Resta quindi aperto il tema del rapporto tra migrazioni e terre alte. Ma qui la dicotomia migranti/indigeni c’entra in maniera indiretta, visto che si tratta di luoghi dell’abbandono, ancorché forse ad alto valore simbolico per i locali. C’entrano più le opportunità di insediamento che possono venirsi a determinare, cui sottostanno elementi di investimento economico in stretta connessione con le politiche pubbliche per le terre alte. Due questioni rispetto alle quali al momento non ci si può aspettare il protagonismo dei migranti visto che, da un lato, si tratta di investimenti da first mover (ad esempio i cosiddetti ritornanti) che non rientrano nella razionalità del migrante di prima generazione, dall’altra di impossibilità di influire sulle politiche in quanto esclusi da diritti di cittadinanza.

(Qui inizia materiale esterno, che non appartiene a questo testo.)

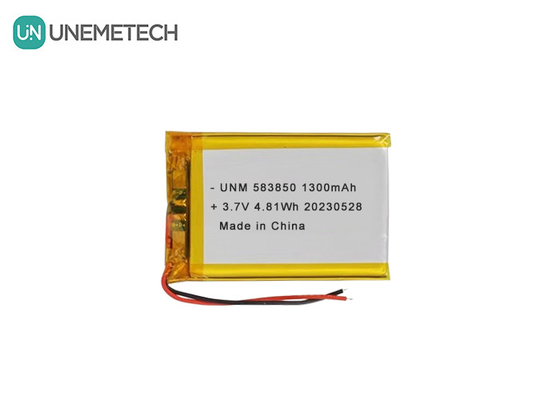 3.7V 1300mAh pin Lithium Ion Polymer chuẩn 583850 cho các sản phẩm điện tử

Ma, al di qua di questi ostacoli, possono essere portate avanti diverse azioni per preparare il terreno all’integrazione dei migranti nelle terre alte, utilizzando veicoli come i Gal, il progetto Aree Interne o l’attivismo associativo, per generare buone pratiche di integrazione. La qual cosa vale, nella fase attuale, soprattutto per i profughi approdati nelle Alpi. Altrove ho parlato della necessità di riadattare il vecchio strumento delle “150 ore” ipotizzando 150 ore di educazione civica, lingua, valori, leggi, tenute dai nostri giovani in servizio civile per i profughi richiedenti asilo. Lo stesso potrebbe essere fatto dai ritornanti alpini nei confronti di chi, tra i transfughi, avesse la vaga intenzione di abitare le Alpi.